The first recorded Norse visitor was Guðmundr Arason, the Bishop-Elect of Holar whose ship en route from Iceland to Norway was blown off-course to the Hebrides on 14 July 1202 and sought shelter in a next to Sanday. There is evidence of what may have been a monastic site or hermitage, more recently known by the inhabitants as a nunnery. The Vikings ruled it for a time before it was transferred to Scottish Crown dependencies in 1266. In 1561 the leader of Clan Ranald, a branch of the Macdonalds, but the reformation and civil war led to it having various owners over the years. While owned by the MacNeills in 1851, the clearances were undertaken and the population census shows a drop in the population from 1841 to 1861. In 1881, the post-clearance population was recorded as 119 (62 of whom were on Sanday). In that year, MacNeil sold the island to Robert Thom, a Glasweigan shipbuilder. Thom carried out a programme of investment, including an oak pier, a footbridge to Sanday, and a Presbyterian Church (though the population remained mostly Roman Catholic). The large church is now a hostel and study centre on Sanday
and a the small Church of Scotland is now on Canna, completed in 1914. The shape of it’s tower has lead to it being called the ‘rocket church’.
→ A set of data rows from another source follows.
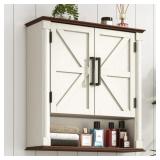 $84 Wall Bathroom Cabinet, Farmhouse Bathroom Stor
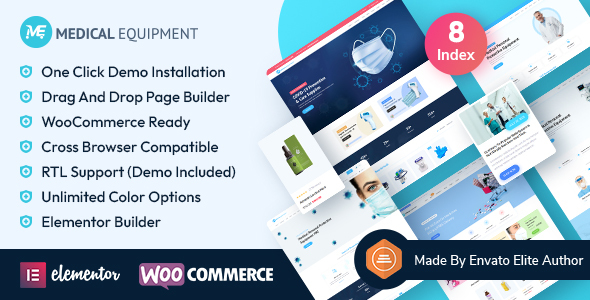 Medical Equipment eCommerce WordPress Theme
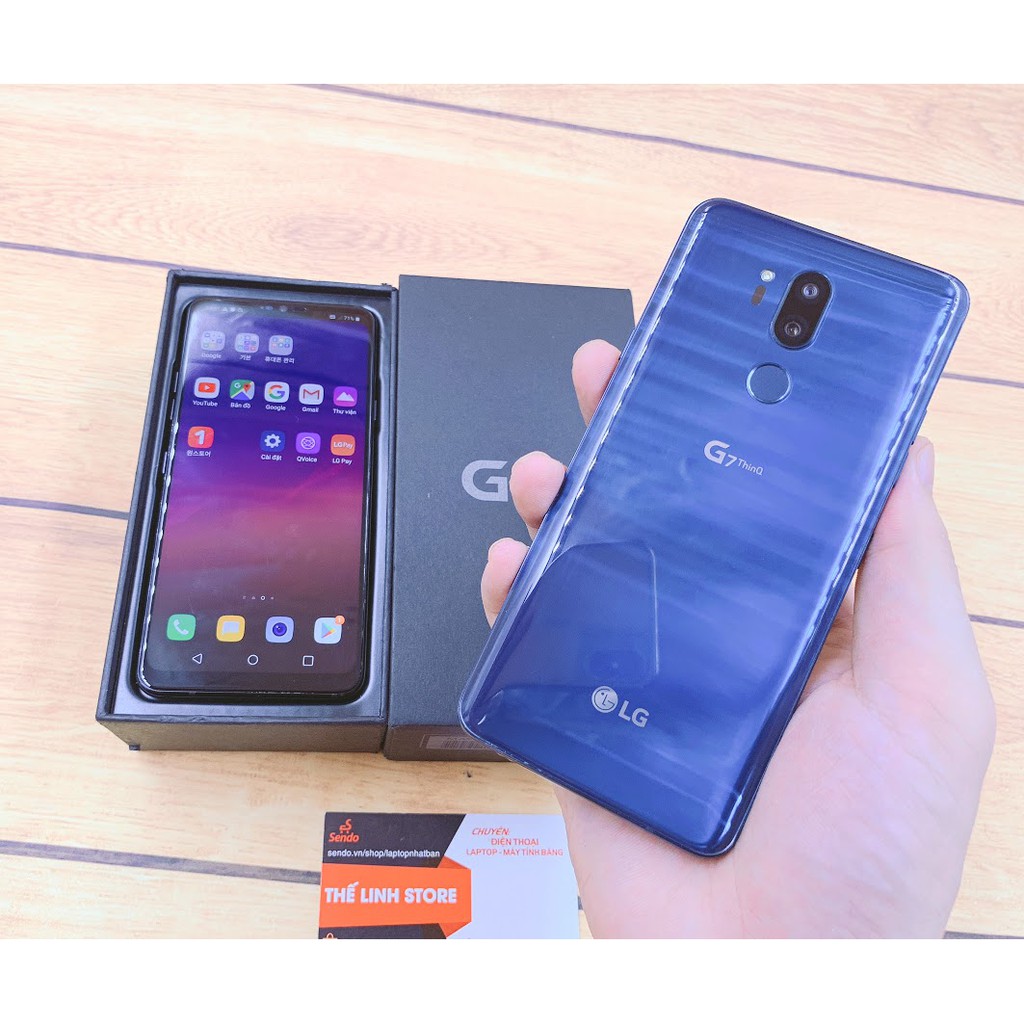 [Mã ELMTG giảm 4% đơn 2Tr] Điện thoại LG G7 ThinQ bản Hàn , Mỹ - Snap 845 ram 4G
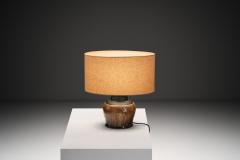 Nils Kahler Yellow Glazed Stoneware Table Lamp by Nils K hler Denmark ca 1950s - 4747022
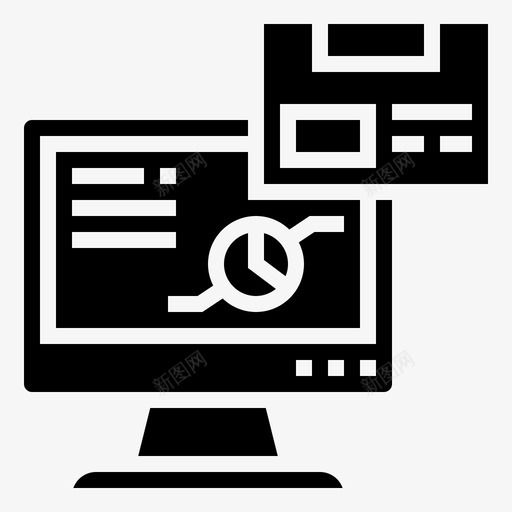 信息计算机数据图标svg_新图网 https://ixintu.com 信息 在线 批量生产glyph 数据 程序 计算机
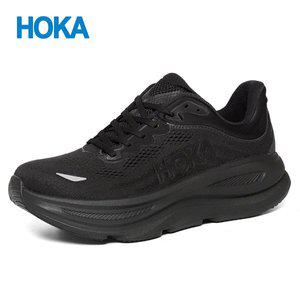 [호카오네오네][HOKA] 남성 본디 9 와이드 블랙 1162013-BBLC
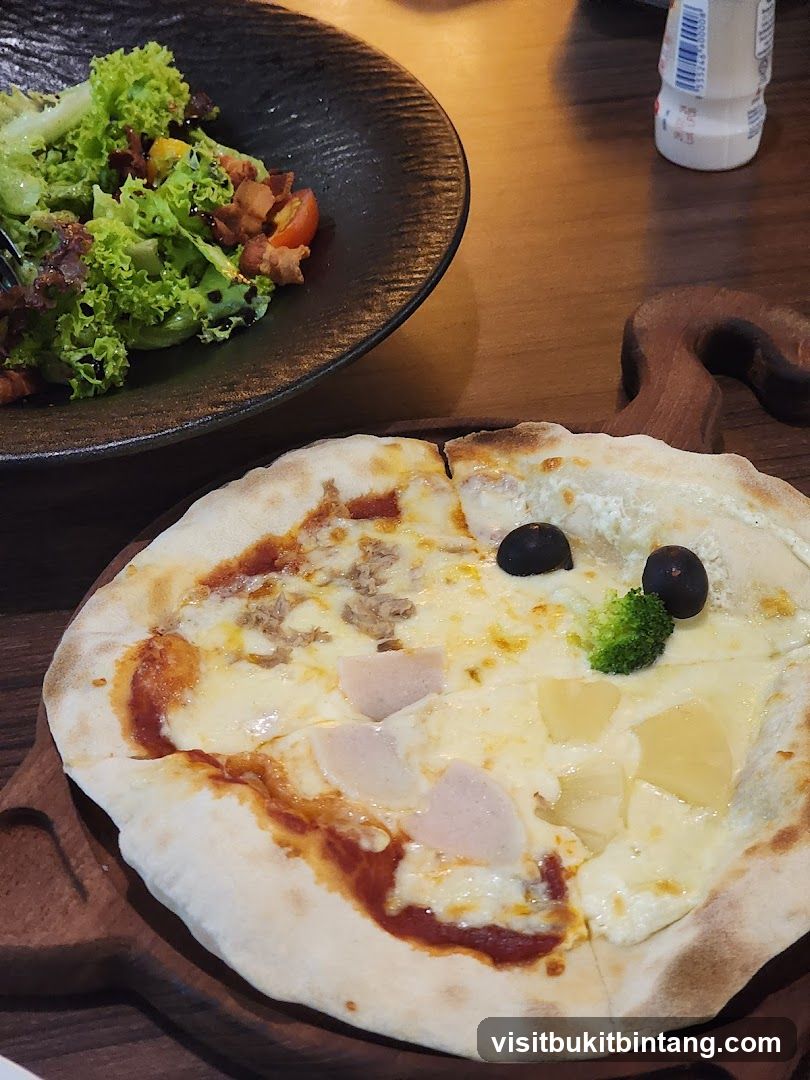 Pizza and Salad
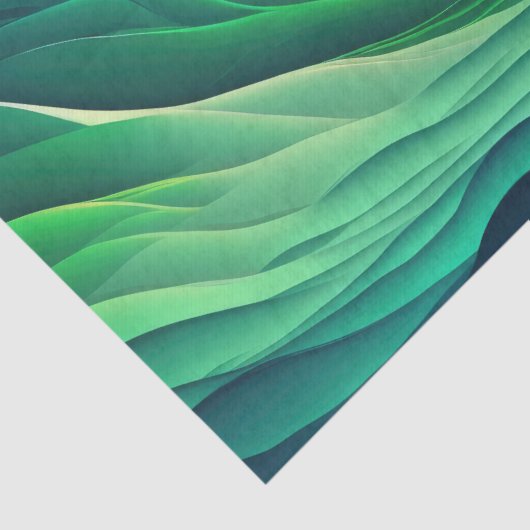 Turquoise Blue Ocean Waves Tissuepapier (Detail)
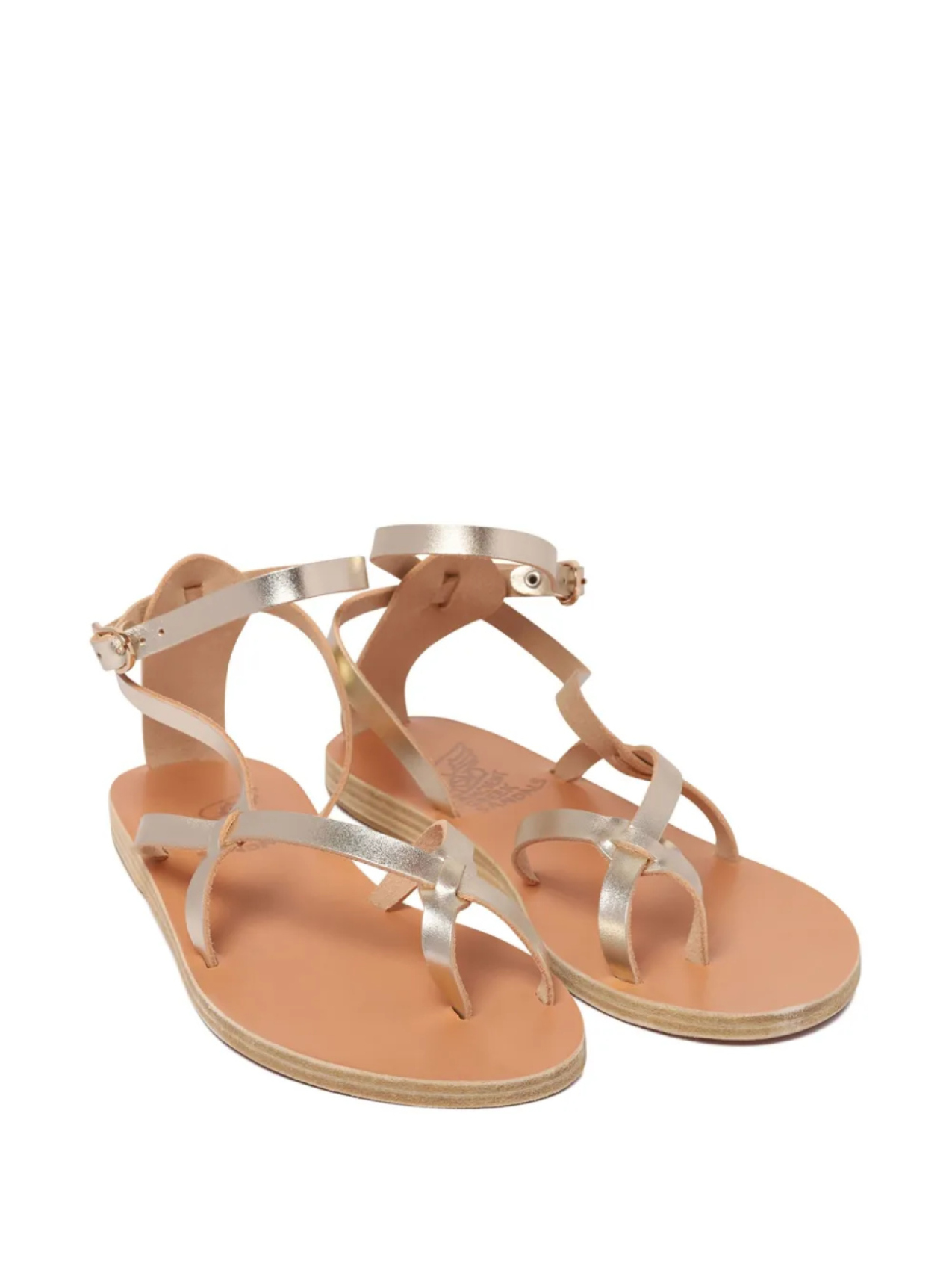 Древнегреческие сандалии кожаные сандалии Ancient Greek Sandals, серый — фото 2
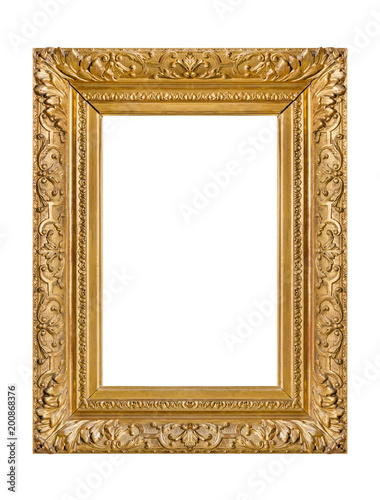 Old wooden picture frame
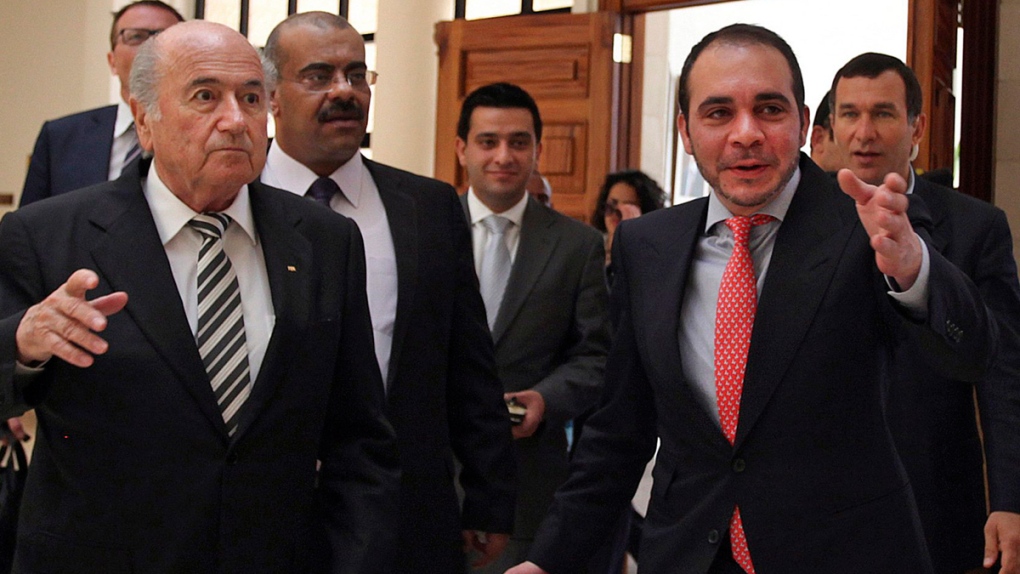 Sepp Blatter, left, and Prince Ali Bin al-Hussein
In 1889, counties were formally created in Scotland, on shrieval boundaries, by a Local Government Act; Canna became part of the new county of Argyll. However, the Act established a boundary review, which decided, in 1891, to move Canna to the county of Inverness, where Eigg was already. In 1938, Thom’s family sold Canna to John Lorne Campbell, who organised the island as a farm and nature reserve. Campbell lived there until his death in 1996, but donated the island to the National Trust for Scotland in 1981. In the 1970s, local government reforms abolished counties and moved Canna into Highland Region.
There was only a short time to wander along the Shore Road as far as the bridge and no time to climb the hill for a wider view.
In the afternoon we had to be back on the boat to cross the Minch and anchor in the Sound of Harris. Leaving the harbour, we noticed graffiti on the cliffs. This used to be boat names but more recently has been added to by day trippers. Later, we passed the Duirinish Peninsula on Skye with the Neist Lighthouse.
The Minch was not too rough and we were soon in the shelter of the Sound of Harris where the water was calmer. There are several small islands there and rocks with cormorants and shags. A seal popped up several times while we were having our evening meal and another was posturing on a rock nearby. We had an early night as the next morning would be an early start.